La Critique
Pablo Larrain, le réalisateur, connaît bien la dictature du Général Pinochet et il s’y est d’ailleurs toujours intéressé à travers ses films précédents. Après avoir traité du coup d’état de 1973 qui a mis l’homme au pouvoir mais aussi de la vie sous ce régime, il a décidé de refermer une sorte de « trilogie » sur les pages sombres de l’histoire de son pays. Pour cela, c’était la fin de Pinochet qui devait donc être mise à l’écran. Et, ce qui est bien vrai, c’est que celle-ci est assez unique dans l’histoire puisque ce dernier a été déchu après un référendum qu’il avait lui-même organisé, sous la pression des occidentaux, afin de légitimer son pouvoir. Personne ne le voyait perdre et le tout ne devait être qu’une formalité. Mais les choses ne se sont pas vraiment passées comme espérées (et redoutées par d’autres)… Pour montrer ce grand bouleversement, Larrain choisit un angle un peu décalé : celui de la campagne télé qui a bien aidé le Non à l’emporter. En effet, les opposants au régime avaient droit à quinze minutes par jour, à la télévision nationale, pour faire passer leurs idées. S’intéresser à cette campagne de cette façon n’est pas une mauvaise idée en soi. Le problème, c’est que No est beaucoup trop répétitif et il y manque pas mal de choses pour faire un vrai bon film.
Ce qui est intéressant, c’est de voir tout cela à travers les yeux de ce jeune publicitaire, qui est très loin d’être un illuminé. Lui travaille dans une société où son boulot, c’est de faire vendre. On l’approche pour un rôle de conseiller dans la campagne du Non et il accepte mais on sent que c’est plus le challenge intellectuel qu’un véritable engagement idéologique qui l’anime à ce moment-là. D’ailleurs, pour bien prouver cela, on voit quelques scènes avec sa compagne qui, elle, pour le coup, est dans l’opposition radicale et finit presque toujours en prison. . Elle lui reproche beaucoup sa tiédeur. Cet homme qui est au centre du film a donc un côté un peu un peu ambigu qui n’est pas inintéressant et qui donne une vraie plus-value au film et qui lui évite de tomber dans le simple film de lutte. D’ailleurs, la performance toute en simplicité de Gael Garcia Bernal renforce cette impression. Avec son air également triste et presque mélancolique, il n’est clairement pas un enragé mais plutôt quelqu’un qui veut faire au mieux son travail. Mais, à mon goût, ce personnage n’est pas assez creusé.
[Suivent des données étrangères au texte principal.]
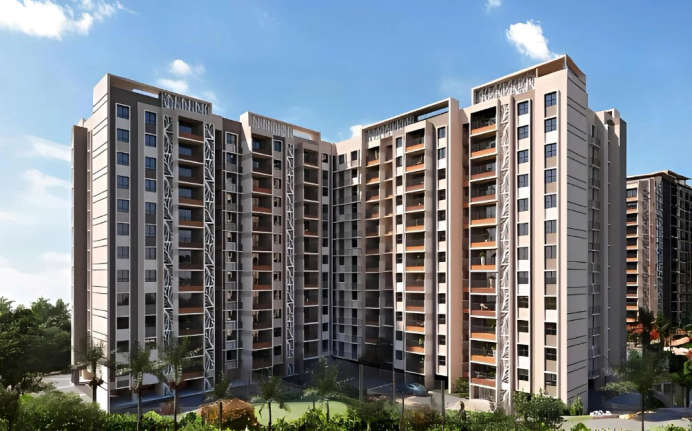 TVS Emerald Auralis Sathanur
On le suit plus qu’on ne l’accompagne véritablement avec ce film. On sent que, peu à peu, il s’engage de plus en plus politiquement dans ce qu’il fait mais ce n’est jamais montré clairement et c’est en partie frustrant car il y a là un terreau qui pourrait être vraiment fertile. D’ailleurs, on pourrait faire ce reproche à tout le film puisque si on comprend bien le mécanisme de mise en place de cette campagne et son évolution au cours des semaines de diffusion, on a du mal à vraiment percevoir son impact sur la population pour en arriver à un résultat étonnant. Le film ne s’intéresse pas du tout à cela et je trouve que c’est dommageable.
Dans l’ensemble, No tourne en rond et au bout d’un moment, l’ensemble devient un peu long car répétitif. C’est là le problème principal d’un film qui, pourtant, ne manque pas d’un certain humour grinçant pas désagréable du tout. On a l’impression de toujours voir un peu les mêmes séquences (discussions autour de la campagne, tournage, réponse du camp du oui, intimidations…). D’ailleurs, cela est renforcé par le choix esthétique qui est fait et qui est, au premier abord, assez déroutant. En effet, l’ensemble du long métrage est filmé avec une caméra et dans un format identique à ce qui se faisait à l’époque. On est donc très loin du numérique actuel et l’image est particulièrement mauvaise (à nos standards actuels). Au début, c’est plutôt drôle et je pensais qu’au bout d’un moment, on reviendrait à quelque chose de plus conventionnel. Mais non. Alors, forcément, à la longue, ça commence sérieusement à agacer. Mais pourquoi un tel choix ? Je pense que cela permet à Pablo Larrain d’inclure directement les images d’archives (notamment des pubs) au cœur de son long métrage. Le tout donne donc un maelstrom parfois assez difficilement déchiffrable entre ce qui tient de la « réalité » et de la fiction. C’est un parti-pris qui est culoté mais auquel je n’adhère pas car je trouve à la fois que, visuellement, ce n’est pas forcément réussi, et ensuite que cela renforce l’aspect très linéaire et répétitif de No. Quand je vois qu’il a été nommé à l’Oscar du Meilleur film en langue étrangère, je me dis que, cette année, la concurrence ne devait pas être bien rude parce que c’est quand même très loin d’être le film du siècle.